Some other pictures of the Judgment of Believers are given in various parables. In Matthew 25, the parable of the talents, which Jesus tells,  we notice certain things in this parable. There were three servants – each received a different number of talents – one received five; one received two; one received one. The one who received five, gained five more. The one who received two, gained two more. Each had a hundred percent gain and it would appear that each was equally approved by his lord. The words of approval are the same. In other words, it’s not so much the quantity we start with, but the faithfulness with which we employ what has been allotted to us. The first two servants were rewarded, but the third who did nothing whatever with his talent but bury it in the earth was rejected and his motivation was that he was afraid. He said, “I was afraid.” God requires faithfulness but, on the other hand, fear and laziness will bring God’s judgment. I suggest to you, one day you read the Bible through and see what it has to say about laziness. It never has one good word to say about laziness. It’s far more condemnatory about laziness, than for instance of drunkenness.
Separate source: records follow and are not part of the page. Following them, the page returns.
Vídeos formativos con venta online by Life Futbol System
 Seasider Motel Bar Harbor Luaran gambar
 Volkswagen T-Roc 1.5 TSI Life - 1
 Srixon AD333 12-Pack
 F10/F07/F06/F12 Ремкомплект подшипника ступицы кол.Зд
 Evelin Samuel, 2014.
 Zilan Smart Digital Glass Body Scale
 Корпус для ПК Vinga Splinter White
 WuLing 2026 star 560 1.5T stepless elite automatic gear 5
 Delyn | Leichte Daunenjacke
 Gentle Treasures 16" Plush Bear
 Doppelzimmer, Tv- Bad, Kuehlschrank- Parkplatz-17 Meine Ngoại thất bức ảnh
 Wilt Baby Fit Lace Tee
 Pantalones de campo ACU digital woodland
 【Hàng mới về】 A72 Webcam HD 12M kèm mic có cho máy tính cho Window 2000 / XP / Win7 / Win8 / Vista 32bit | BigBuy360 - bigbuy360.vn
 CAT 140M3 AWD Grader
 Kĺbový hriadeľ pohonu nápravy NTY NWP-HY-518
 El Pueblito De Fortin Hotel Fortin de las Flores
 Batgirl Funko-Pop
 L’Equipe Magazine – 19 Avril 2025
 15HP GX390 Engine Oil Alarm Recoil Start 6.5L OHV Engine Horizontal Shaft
Again, there is the parable of the pounds in Luke 19:12-27. In this parable, each servant received one pound – same amount, but their gains were different. One gained ten pounds, one gained five pounds, and again one did nothing with his pound and was rejected. The one who gained ten pounds was rewarded with authority over ten cities. The one who gained five pounds with authority over five cities. So we see again two principles that emerge. First, God looks primarily for faithfulness rather than for ability. It’s not the actual gross gain; but if I may say so, the percentage gain. Each one that gained a hundred percent was equally approved.

The second principle is, that reward for faithful service in this life is increased responsibility and opportunities of service in eternity. In other words, the greatest thing that anyone could ever do in this universe is serve the true and living God. If we serve Him faithfully in this life, our reward will be greater opportunities of service in the next life. So remember, as a believer, you are going to have to answer for your life and remember these two principles – God looks for faithfulness rather than ability – the reward for faithful service is increased responsibility.

Our time is up for today, but I’ll be back with you again tomorrow at this same time and I’ll be dealing with what I may call the opposite side of the coin; that is, the “Resurrection and Judgment of Unbelievers.”